The ad attacking Tim Kaine in Virginia is a good example of the kind of dishonesty that pervades ads from Karl Rove’s Crossroads empire. It is based on the bizarre premise that Kaine, a former governor of Virginia, “went to Washington,” when he served as chair of the Democratic National Committee. (Strangely, it shows footage of someone flying to illustrate the point, even though Richmond and Washington are just a few hours apart by car or train.) Kaine was not in a national elected office, and yet the ad blames Kaine for what it considers to be unpopular actions taken by President Obama and Congress. The specific examples? “Medicare spending cuts” and “a huge energy tax.”
The complaint that Democrats cut spending on Medicare is a particularly disingenuous piece of Republican partisan hackery.
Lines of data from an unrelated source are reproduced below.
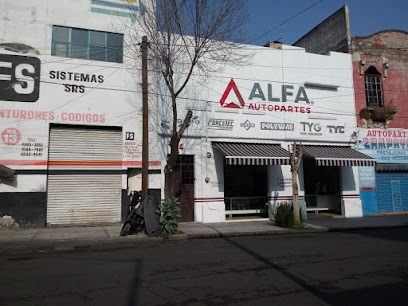 Autopartes Alfa Pedrell en Cuauhtémoc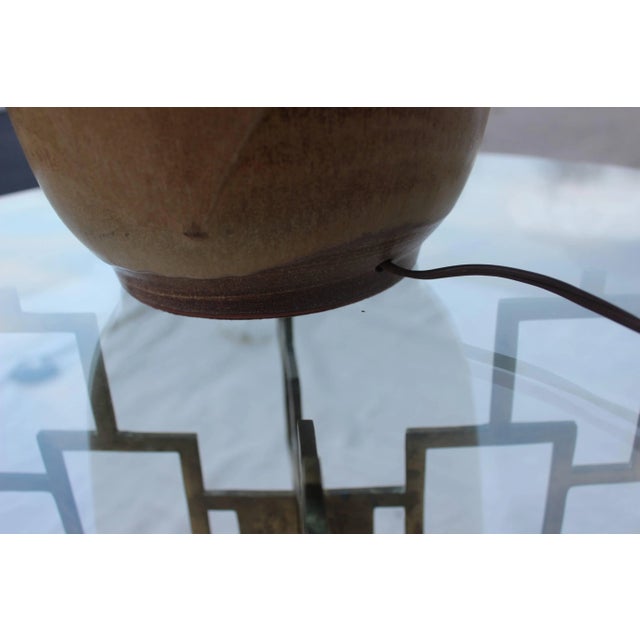 Ceramic Mid-Century Modern Design Technics Table Lamp For Sale - Image 7 of 9
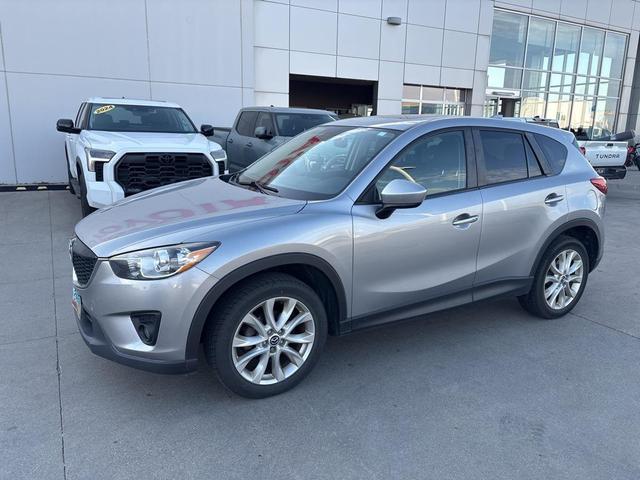 Photo of 2014 Liquid Silver Metallic Mazda CX-5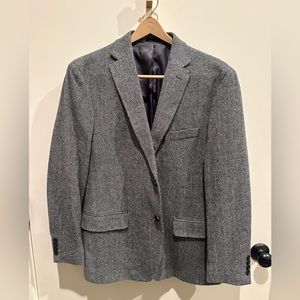 Ralph Lauren Mens Wool Strech Blazer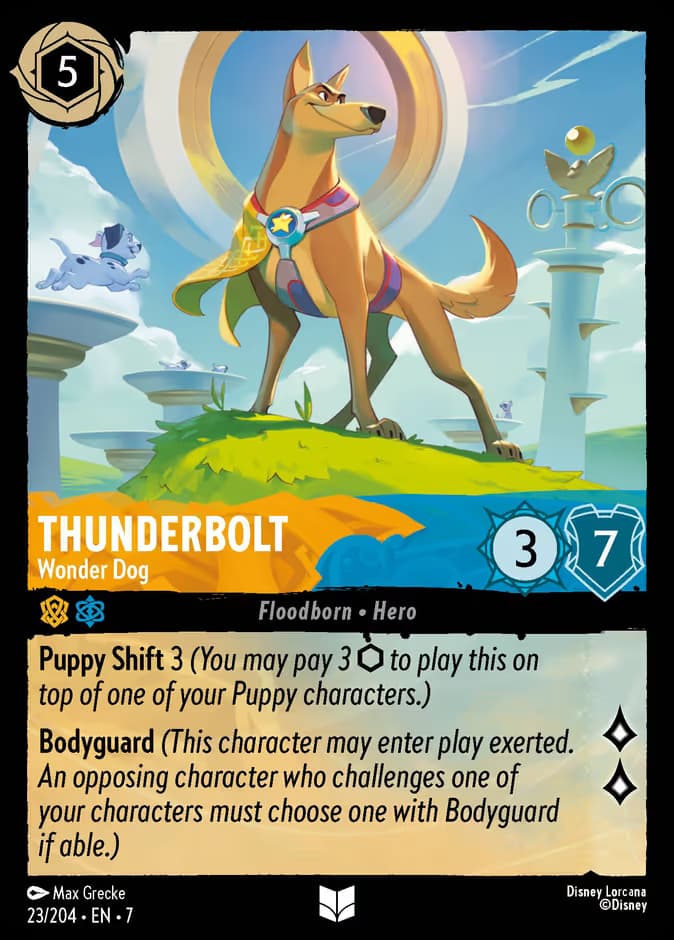Thunderbolt - Wonder Dog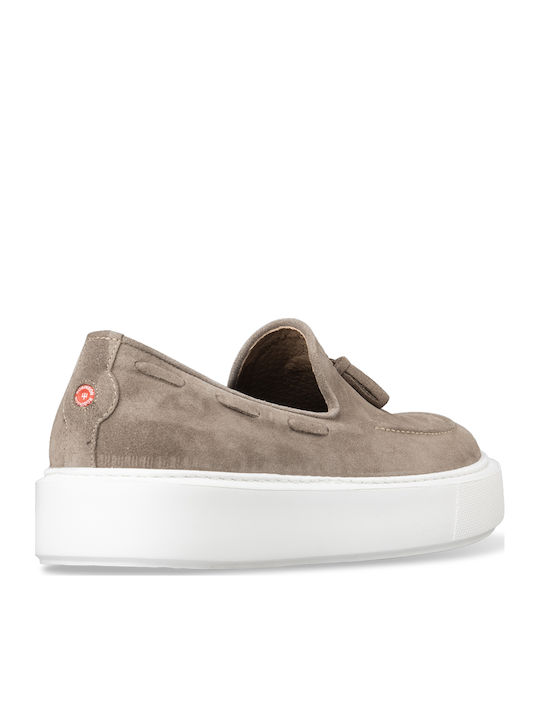 Ανδρικά Loafers σε Μπεζ Χρώμα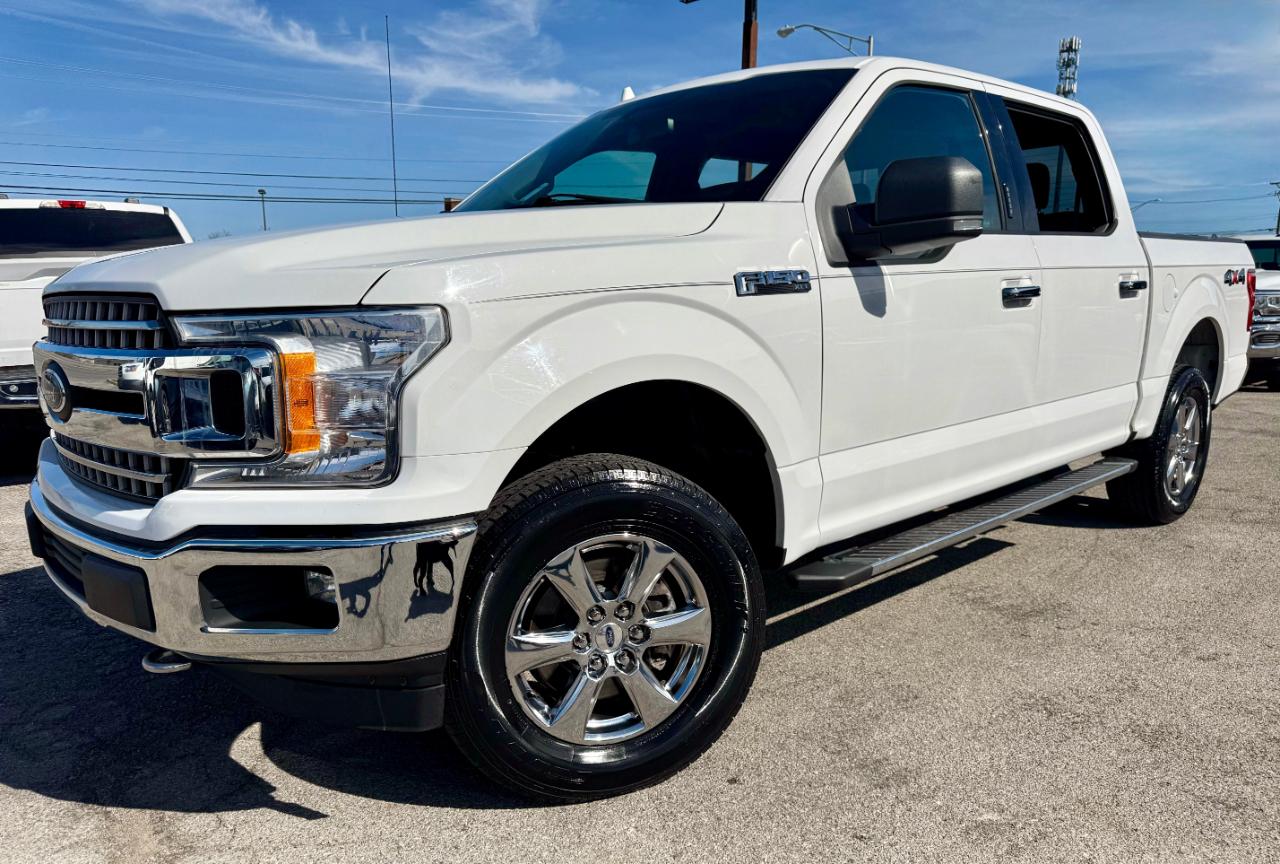Ford F-150 XLT 4WD SuperCrew 5.5' Box 2018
What they are referring to is the removal of wasteful subsidies to private insurers through the Medicare advantage program. No cuts in actual benefits to Medicare recipients have been enacted. Moreover, it is Republicans, not Democrats, who advocate drastically cutting spending on Medicare, even privatizing it.
It is also not true that Democrats proposed an energy tax. That presumably refers to the cap and trade legislation to reduce greenhouse gas emissions. That was not a tax but a system for buying credits, and it would have fallen equally on all sources of greenhouse gases, not merely energy.
In a perversely hilarious twist, Rove himself went on Sean Hannity’s radio show on Tuesday to accuse President Obama of trying to buy the election. As Media Matters writes, “Rove said that the Obama campaign will attempt to win the election by ‘trying to take their wallet and buying it.’” The election may indeed be bought, but not by Obama.